Examinership is a well-established corporate rescue mechanism for ailing corporates and groups. It combines flexibility with a high degree of commercial and procedural certainty for all involved. It is a process which has evolved with the different economic cycles in Ireland since its inception in 1990 and has responded to downturns in different sectors. The real benefits and unique features of the process are showcased in the recent successful examinership of Norwegian Air. The examiner’s schemes of arrangement were sanctioned by the Irish High Court on 26 March 2021, marking the beginning of the next evolution in the examinership process. Some key takeaways:
- Foreign Related Companies: Norwegian Air marks a departure from the ‘centre of main interests’ test for a non-EU company. Norwegian Air Shuttle ASA (“NAS”) is a company in the Norwegian group with its ‘centre of main interest’ firmly in Norway. The Irish Court was however satisfied that it could appoint an examiner to NAS as a foreign related company on the basis of the ‘sufficient connection’ test. The Court was satisfied that NAS had a sufficient connection to Ireland through its shareholdings in Irish incorporated subsidiaries.

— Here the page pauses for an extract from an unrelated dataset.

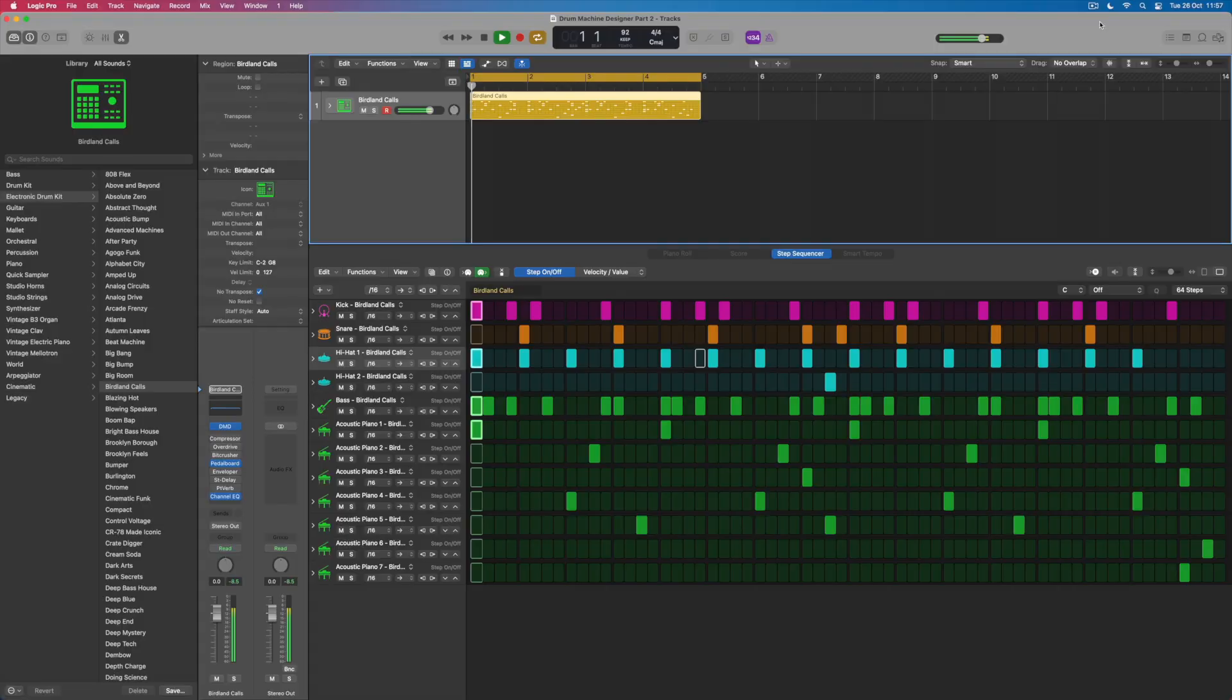I'm Jono Buchanan and in this video we're going to take a deeper dive into Drum Machine Designer to see just how amazingly flexible this instrument is. What I've got here is a four bar groove and let's just have a listen to it before we go any further.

- Repudiations of Leases: a core element of Norwegian Air’s restructuring plan was to re-focus the wider group away from long- haul operations and towards its core Nordic-region business. This plan for a slimmed down business required a significant reduction of its existing fleet from 148 to 51 aircraft. In order to achieve this, the group sought consensual terminations of a significant number of aircraft leasing and sub-leasing arrangements. Where agreement could not be reached, the Court facilitated and ultimately approved 4 separate omnibus repudiation applications. Damages arising from the repudiations were written down by the examiner’s schemes of arrangement.
- English law governed contracts: a significant number of the aircraft leasing and sub-leasing arrangements were governed by English law. The Court was satisfied that the Irish repudiation orders and the examiner’s proposals would be recognized in England under section 426 of the UK Insolvency Act 1986, notwithstanding the English Rule in Gibbs. Ireland is the only EU member state entitled to avail of the recognition provisions under section 426 of the UK Insolvency Act 1986.
- US Chapter 15 recognition application: certain of the contracts that were subject to the repudiation application are governed by US law. NAS intends to seek recognition of those repudiation orders in the United States under its Chapter 15 recognition procedure.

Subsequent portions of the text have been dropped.